Issue with gradient of sparse matrix using cuda

Hello everyone,

I can replicate the code on torch.sparse.mm — PyTorch 1.9.0 documentation using CPU. However, when I try to run it on GPU using cuda, it seems I can no longer get the gradient.

In the code below, if device = ‘cpu’, then I can get the sparse and dense gradient for a and b respectively. If device = ‘cuda’, then I get the error that
<ipython-input-104-da255cd7360a>:1: UserWarning: The .grad attribute of a Tensor that is not a leaf Tensor is being accessed. Its .grad attribute won't be populated during autograd.backward().

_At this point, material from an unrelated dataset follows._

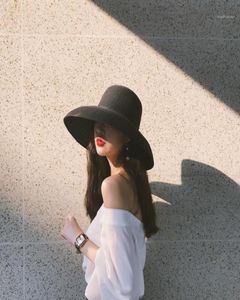 Audrey Hepburn Straw Hat Hat Sunken Modeling Tool BellShaped Big Brim Hat Vintage High Finger Bility Tourist Beach Atmosphere19079817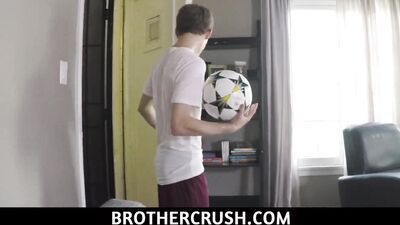 Brother Crush-Thick-Cocked friends Fuck In The Bath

If you indeed want the gradient for a non-leaf Tensor, use .retain_grad() on the non-leaf Tensor. If you access the non-leaf Tensor by mistake, make sure you access the leaf Tensor instead. See github.com/pytorch/pytorch/pull/30531 for more information.
This applies for both torch.sparse.mm or torch.spmm method.

Is it the case that gradient using sparse matrix is in general not available on cuda?

import torch
device='cpu'
# sparse
a = torch.randint(0, 2, size=(2, 3)).float().to_sparse().requires_grad_(True).to(device)
a
# dense
b = torch.randn(3, 2, requires_grad=True).to(device)
b
y = torch.sparse.mm(a, b)
# y = torch.spmm(a, b)
y
y.sum().backward()
a.grad
b.grad

No, that’s not the case.
As the warning explains, you are trying to access the .grad attribute of a non-leaf tensor, which won’t work.
The reason you are seeing this warning only when using the GPU is because the to(device='cpu') operation will be a no-op on the CPU and a valid operation on the GPU.
You can check it additionally via print(a.is_leaf) and print(b.is_leaf), which will show True on the CPU and False on the GPU.
This code snippet should work:

device='cuda'
# sparse
a = torch.randint(0, 2, size=(2, 3)).float().to_sparse().to(device).requires_grad_(True)
a
# dense
b = torch.randn(3, 2, device=device, requires_grad=True)
b
y = torch.sparse.mm(a, b)
y
y.sum().backward()
a.grad
b.grad

Awesome! Thank you for the insightful explanation Peter!